Why brute-force counterexample search fails (and what to do instead)

#algorithms #python #ai #programming

A few weeks ago there was a headline going around that an AI system disproved a long-standing conjecture in discrete geometry by finding an explicit counterexample. Most of the discussion focused on the AI angle, which is fair enough. But the part that stuck with me was buried in the methods: the search space was astronomical, roughly larger than the number of atoms in the observable universe.

If you've ever tried to brute-force a combinatorial search — looking for a graph that breaks your heuristic, a configuration that violates an invariant, a counterexample to your own pet conjecture — you've watched your CPU spin for hours while making essentially zero progress. I spent three days last year trying to find a small graph that violated a property I was convinced was wrong. Ended up with a 14 GB log file and nothing useful.

This post is about why naive search collapses in these spaces, and what actually works.

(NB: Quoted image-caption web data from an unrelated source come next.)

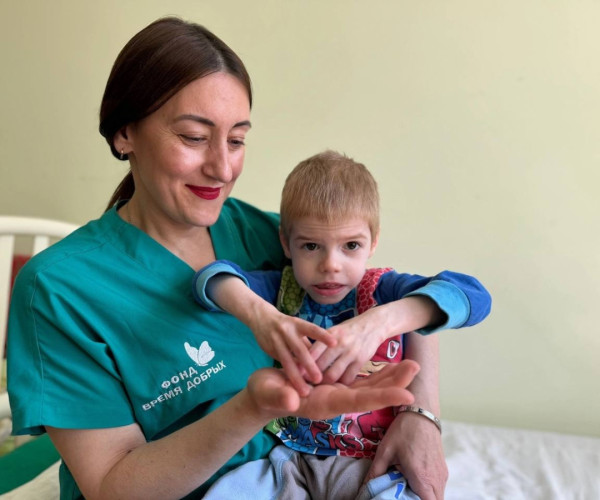 История создания уникального, первого и единственного в ДНР проекта регионального уровня и масштаба — « Больничные няни для сирот»1788162834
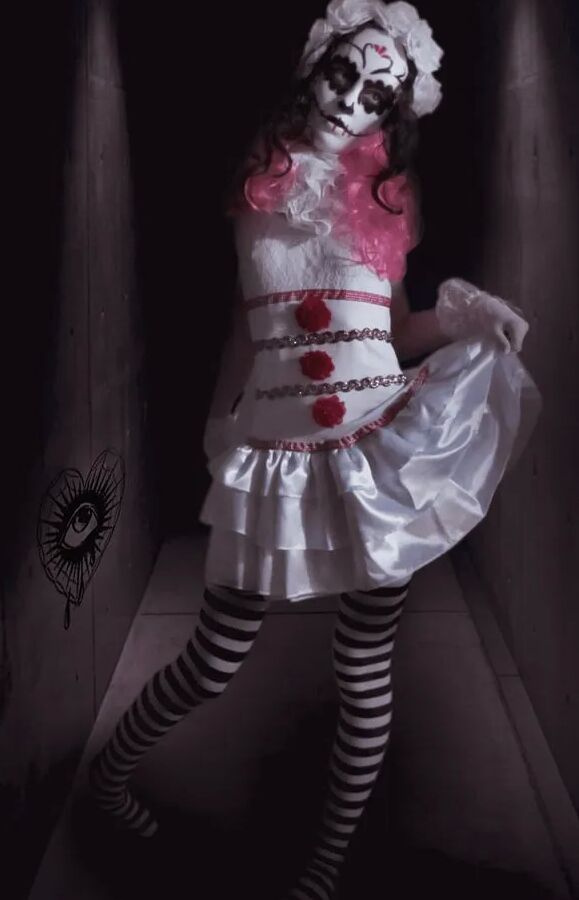 I'm a cute horny zombie girl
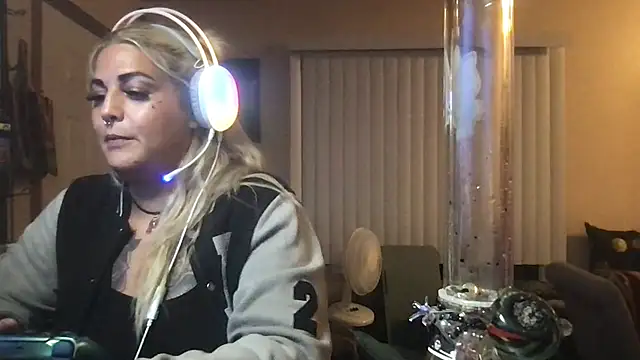 ShineyQuinn Chat XXX in diretta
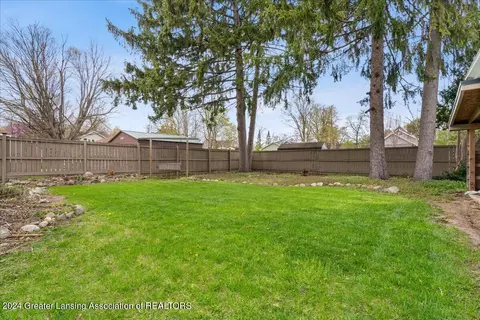Exterior - 307 E Mcconnell St, Saint Johns, MI 48879 photo 6 of 11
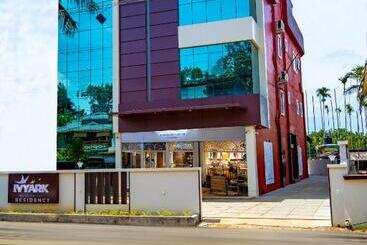 Hotel Ivyark Residency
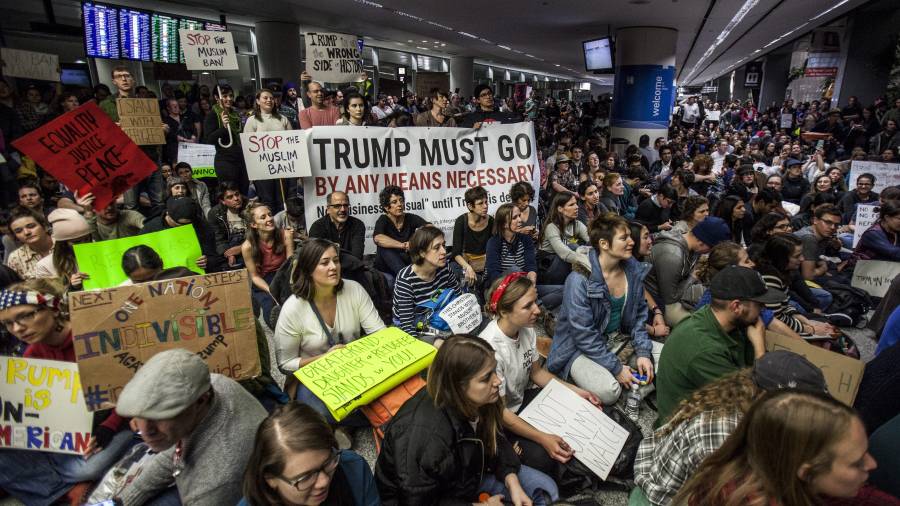 ManifestaciÃ³n en la terminal de llegadas del aeropuerto internacional de San Francisco contra el veto que ha soliviantado a medio mundo. DASILVA/EFE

The problem: combinatorial explosion is worse than it looks

Let's make it concrete. Say you want to find a counterexample involving binary configurations of length n. Even at a modest n = 200, the space is 2^200, which is around 1.6 × 10^60. At a billion checks per second on a single core, here's how long that takes:

# Time to enumerate 2^n configurations at 1e9 checks/sec
import math

def years_to_enumerate(n, checks_per_sec=1e9):
    seconds = (2 ** n) / checks_per_sec
    return seconds / (365.25 * 24 * 3600)

for n in [40, 60, 80, 100, 200]:
    print(f'n={n}: {years_to_enumerate(n):.2e} years')
# n=40 finishes in ~18 minutes
# n=60 takes ~36 years
# n=200 takes ~5e43 years. Heat death first.

The doubling sneaks up on you. Adding twenty bits to the input doesn't make the problem twenty times harder — it makes it a million times harder.

And here's the part most folks miss: even if you had infinite compute, random sampling wouldn't save you. In a lot of these problems, counterexamples aren't uniformly distributed. They live in tiny, structured regions of the space. Sampling uniformly is like trying to find a specific grain of sand by teleporting to random spots on Earth.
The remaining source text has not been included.